Beefy Boxes and Bandwidth Generously Provided by pair Networks
Do you know where your variables are?
 
PerlMonks  

Performance revision needed

by Anonymous Monk
on Jan 02, 2003 at 16:07 UTC ( [id://223783]=perlquestion: print w/replies, xml ) Need Help??

Anonymous Monk has asked for the wisdom of the Perl Monks concerning the following question:

Hello monks,

I have created a script that manipulates text files around 80 meg in size (1.5 million lines approximately), and the following block of code seems to be a bottleneck. The current code takes around 19 minutes to execute on a sun box with a single 450 mhz processor (64 bit)

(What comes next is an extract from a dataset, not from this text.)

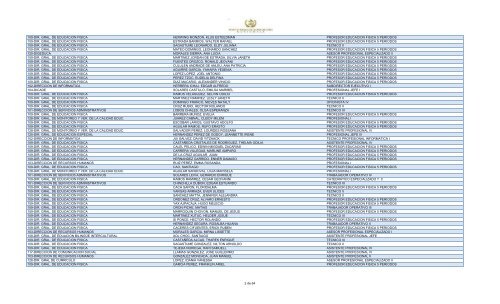 unidad ejecutora empleado puesto 109-dir. gral. de educacion fisica ...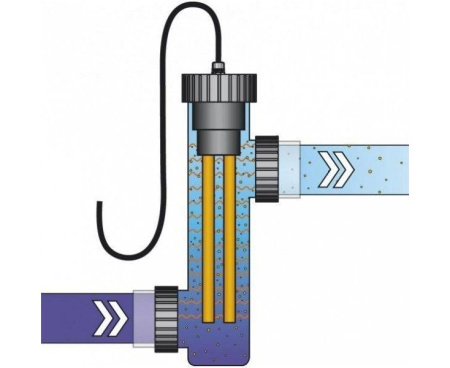 Ионизатор Van Erp Blue Lagoon Copper Electrolyzer, проток - 22,0 м³/ч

while (<SSLOG>) { chomp (($date,$atime,$etime,$mth,$port,$attrID,$value)=split(/;/,$ +_)); # Convert the log time to UTC time ($HH, $MM, $SS)=split(/:/,$etime); ($year, $month, $day) = $date =~ m/^(.{4})(.{2})(.*)/; $month -= 1; $Time = timelocal($SS, $MM, $HH, $day, $month, $year); # Collect non-zero data if ($Conf[7] =~ /NO/i) { if ($value != /^0/) { # Build a hash of MTypeHandles with their unique ports $Hash{$mth}{$port}++; my @entry = (); $attrID =~ s/\s*//g; $port =~ s/\s*//g; if ($port =~ /\-/) { $port =~ s/\-//; } $key = $attrID; $val = $DS_Info{$key}; $val = join("", $val, $port); @entry = ($Time, $mth, $val, $value); # Populate the data array push @Data, [@entry]; } } # Collect zero data elsif($Conf[7] =~ /YES/i) { # Build a hash of MTypeHandles with their unique ports $Hash{$mth}{$port}++; my @entry = (); $attrID =~ s/\s*//g; $port =~ s/\s*//g; if ($port =~ /\-/) { $port =~ s/\-//; } $key = $attrID; $val = $DS_Info{$key}; $val = join("", $val, $port); @entry = ($Time, $mth, $val, $value); # Populate the data array push @Data, [@entry]; } }
Any suggestions for improving performance?

Thanks

Replies are listed 'Best First'.
Re: Performance revision needed
by pfaut (Priest) on Jan 02, 2003 at 16:32 UTC
    if ($Conf[7] =~ /NO/i) { ... elsif($Conf[7] =~ /YES/i) {

    @Conf appears to be setup outside of this loop. Evaluate this once and save the result instead of parsing a regex every time through the loop.

    $attrID =~ s/\s*//g; $port =~ s/\s*//g;

    I think replacing the '*' with '+' might help here.

    $val = join("", $val, $port);

    How about $val .= $port?

    push @Data, [@entry];

    Since @entry is a lexical variable, you should be able to use \@entry instead of [@entry] which needs to make a copy of the list.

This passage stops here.